2014年02月15日

ほめるって難しい

ほめる

 私は小学校のスクールカウンセラーもしています。子どもたちだけでなく、保護者の方の相談もお受けしています。
 保護者の方からは、「子どものこと、もっとほめないといけないんでしょうね・・・」と聞くことがよくあります。「ほめる」ということについて、ご自分でも日々気をつけていらっしゃったり、本などで読んだり、アドバイスされたことがあったりするのでしょう。しかし「ほめないといけないんですよね」とおっしゃるその言葉の裏には、「がんばってほめようとしてるけどうまくいかない」という切ない思いが感じられます。

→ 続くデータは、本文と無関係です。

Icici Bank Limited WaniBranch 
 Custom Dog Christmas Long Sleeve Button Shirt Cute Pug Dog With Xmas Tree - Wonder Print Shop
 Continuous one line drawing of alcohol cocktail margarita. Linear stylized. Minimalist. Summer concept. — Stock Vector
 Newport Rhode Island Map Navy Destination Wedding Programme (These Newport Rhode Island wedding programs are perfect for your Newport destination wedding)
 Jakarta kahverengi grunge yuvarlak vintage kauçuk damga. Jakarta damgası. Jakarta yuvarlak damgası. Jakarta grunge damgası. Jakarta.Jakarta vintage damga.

 “言うは易し、行うは難し”それが『ほめる』です。『効果的なほめ方』をテーマに、保護者向けの研修会を開催することもあります。
「うちの子、ほめるようなことは何もしないんです」。そうおっしゃる方は少なくありません。そこで、「今できていて、これからも続けてほしいこと」「さらに増やしてほしい行動」といった『好ましい行動』がほめる対象になることをお伝えします。
 「ありがとうが言える」「連絡帳を見せる」「一度声かけしたら宿題にとりかかる」・・・ほんの些細なこと、当たり前のことでいいのです。

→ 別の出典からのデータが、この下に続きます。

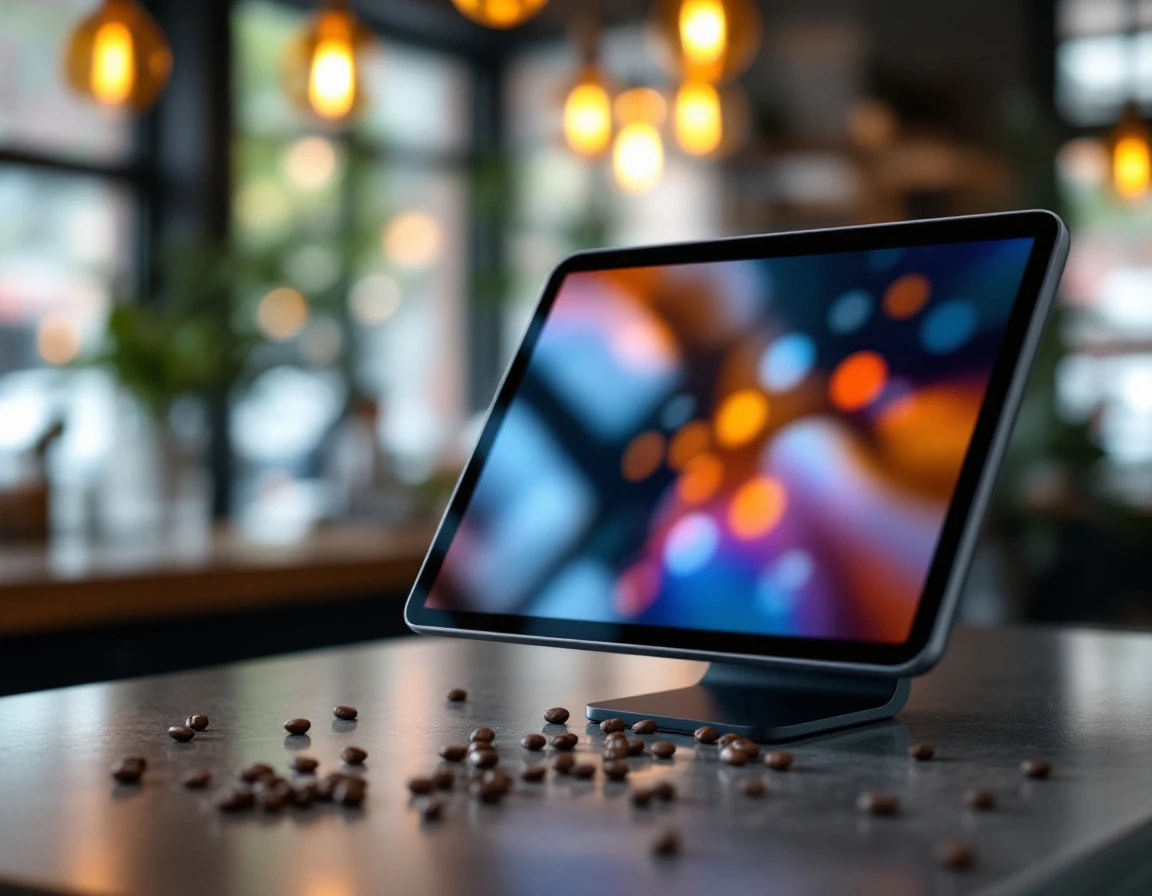 Modern POS tablet with blurred interface display on café counter with natural window lighting and ambient reflections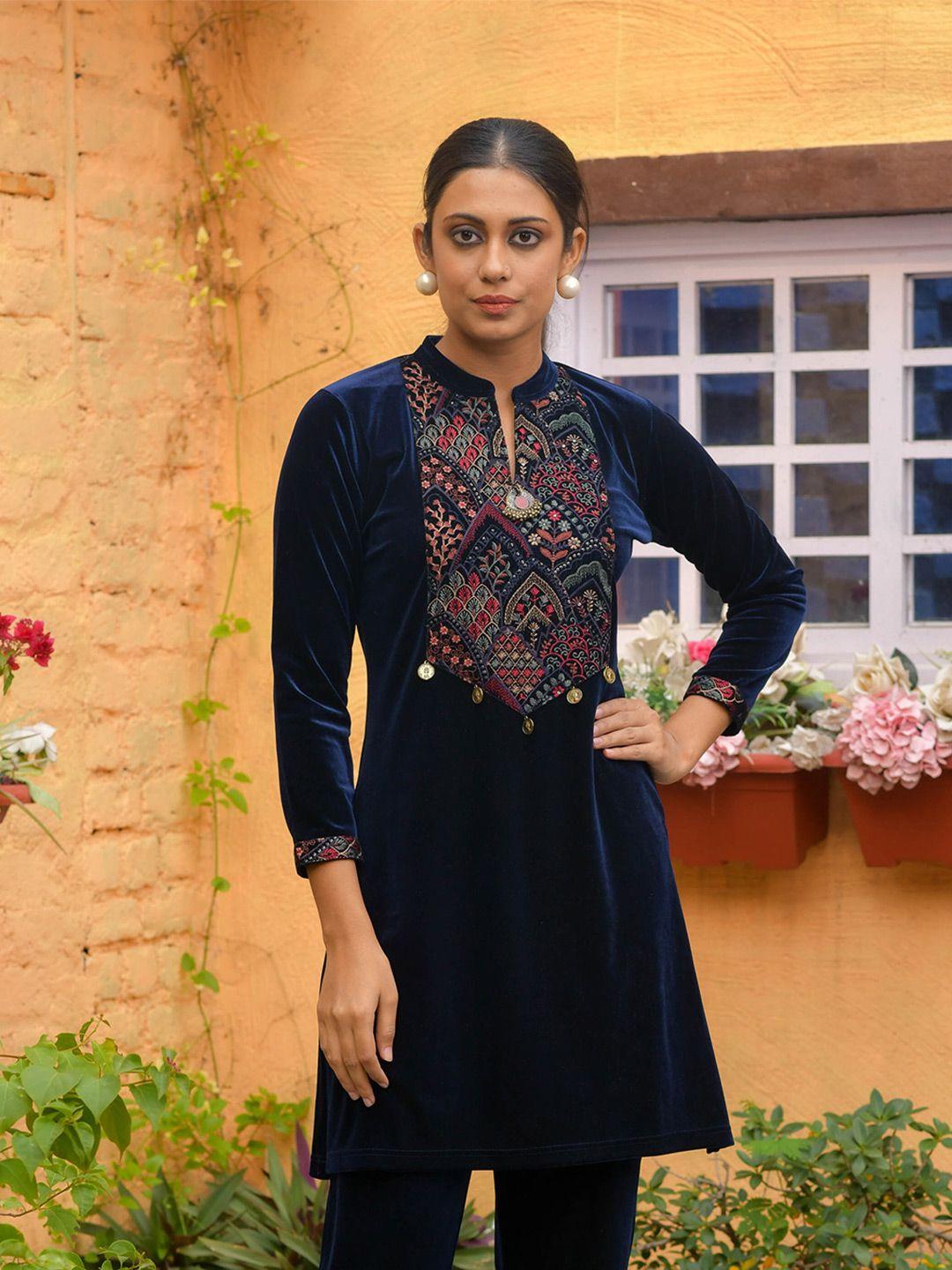 idhu ethnic motifs yoke design mandarin collar thread work detailed a-line kurta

 当たり前のことでもほめる・・・そう聞くと、たいていの方が「そんなことでほめていいの?」と少し戸惑ったような表情になります。当たり前のことに「すごいね」と言うのにためらいがあるようです。
ここでもう一つ発想の転換をしてもらいます。『ほめる』というのを『保護者の方が子どもの好ましい行動に注目し、「いいな」思った気持ちを子どもに伝えること』ととらえてもらうのです。
 「すごいね」「えらいね」と言うのはもちろん、他にも「がんばれ」と励ます、「やってくれてありがとう」と感謝する、「今どんなことやってるのかな」と興味や関心を示す、といったことも含まれます。また「ごみを拾ってくれたんだ」と行動に気づいていることを伝えるだけでも十分です。「ニコっとする」「OKサインを出す」言葉以外の働きかけも効果抜群です。

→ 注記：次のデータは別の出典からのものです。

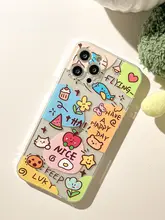 手描きカートゥーンデザインのiPhoneケース【透明シリコン製・防塵・iPhone各機種対応】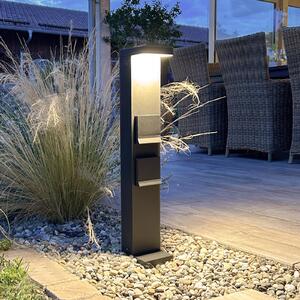 Deko-Light Lampa cu soclu LED, coloană prize Lerna, 60 cm, aluminiu gri închis, Negru, Aluminiu, Modern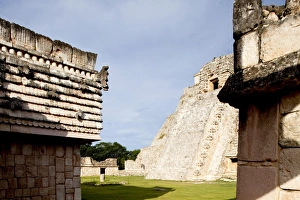 Images Dated 29th October 2009: The Nunnery Quadrangle with the Pyramid of the Magician in the background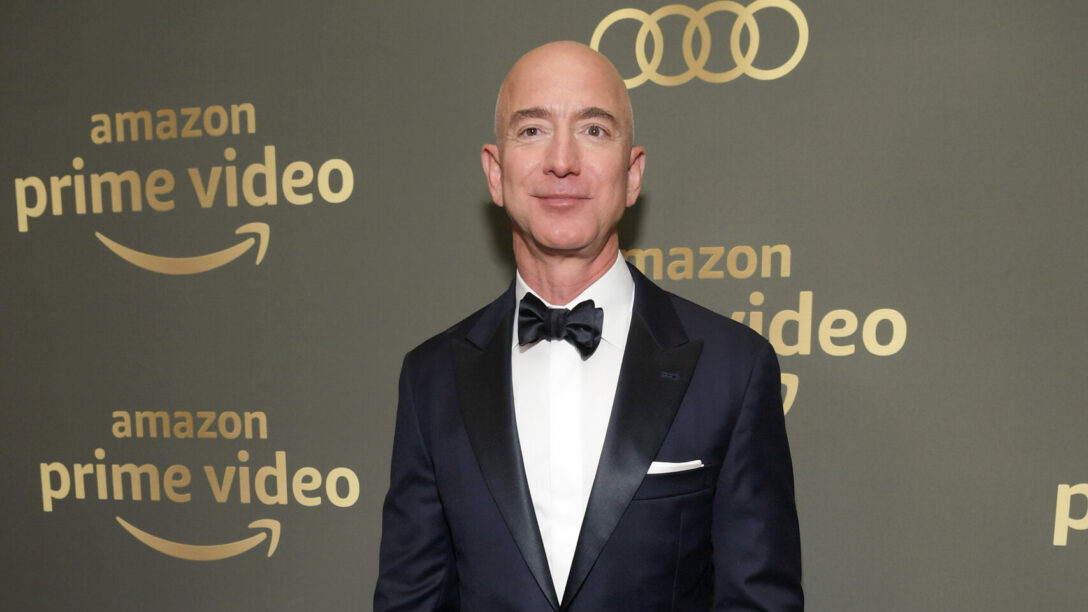 Jeff Bezos attends the Amazon Prime Video's Golden Globe Awards After Party at The Beverly Hilton Hotel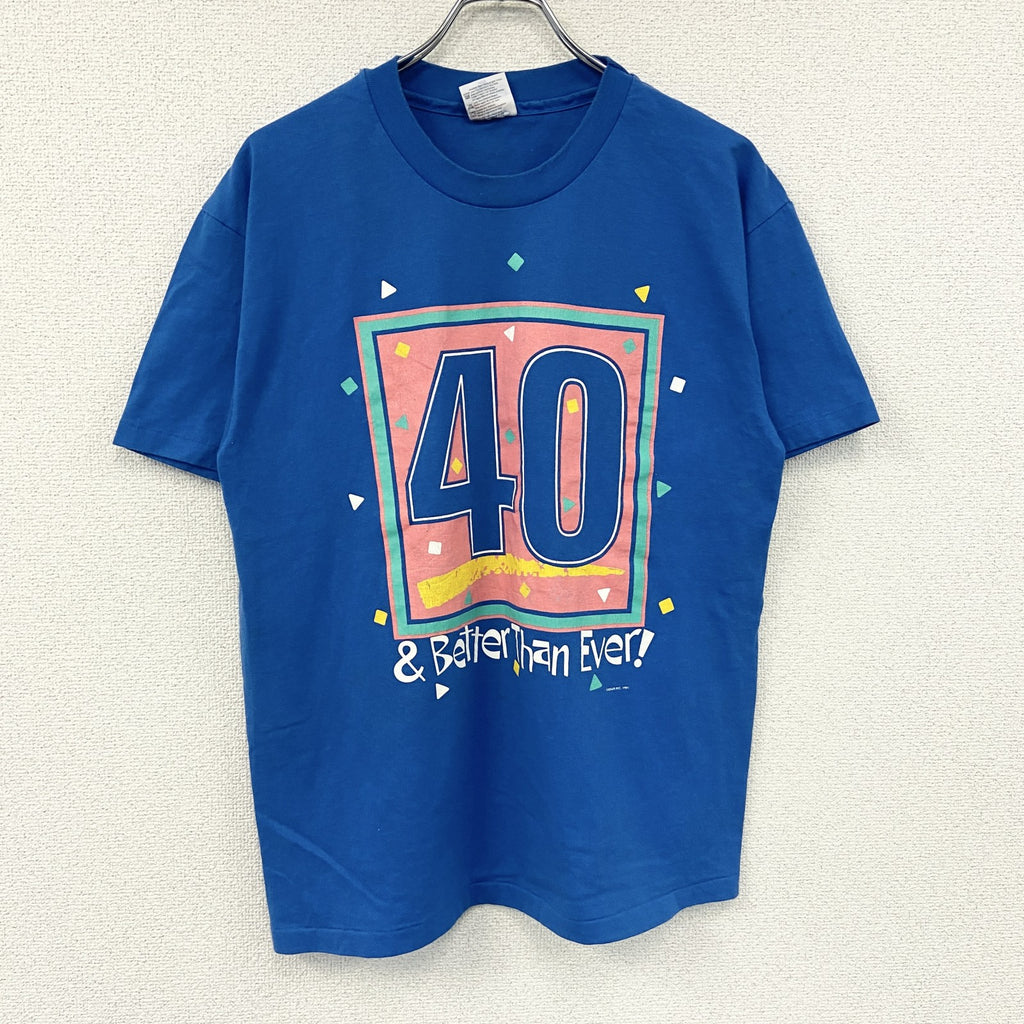 Hanes　ヘインズ　半袖プリントTシャツ　シングルステッチ　青　ブルー　Lサイズ カットソー メンズ コットン 古着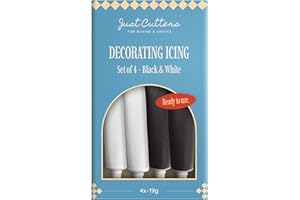 JUST CUTTERS Pack of 4 x 19g Writing Icing Tubes | Ready To Use | Instant Icing Pens for Writing, Drawing & Personalising Cakes, Biscuits & Baking (White/Black)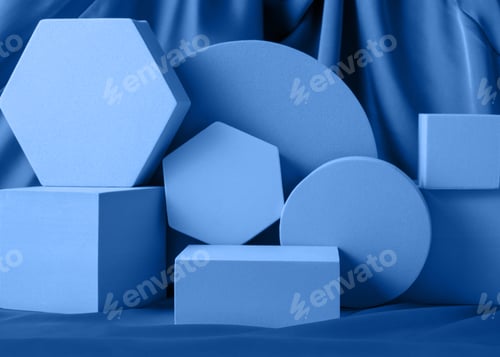 Preview: Geometric shapes night blue stand podium mockup for product display on silk background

 「何をほめるか」「どうやってほめるか」については、『ペアレント・トレーニング』の中の『好ましい行動』と『肯定的な注目』をベースにしてお話しています。
『ペアレント・トレーニング』は、アメリカで開始され、日本でも適用しやすいように作成されたプログラムです。10回のセッションをグループで実施するのが基本的なプログラムです。
 『ペアレント・トレーニング』では、子どもの『行動』に注目します。子どもは、自分が実際に行動したことについて注目されるので、ほめられていることについて実感が持てますし、そのことが『自信』につながります。

 理論的には『行動療法理論』に基づいていますが、子どもの行動修正に焦点づけしているというよりは、親子がよりよいコミュニケーションを持てるようになることに主眼を置いています。
 子どもはほめられてうれしくなり、ほめられたことを繰り返す→親はそれをほめる→ほめることが保護者もうれしくなり、子どもの好ましい行動にもっともっと注目するようになる・・・このように、よい循環が生まれていきます。

 『ほめる』ことから、親子がそれぞれ自信を取り戻し、穏やかで楽しい生活をおくれるようになるとよいですね。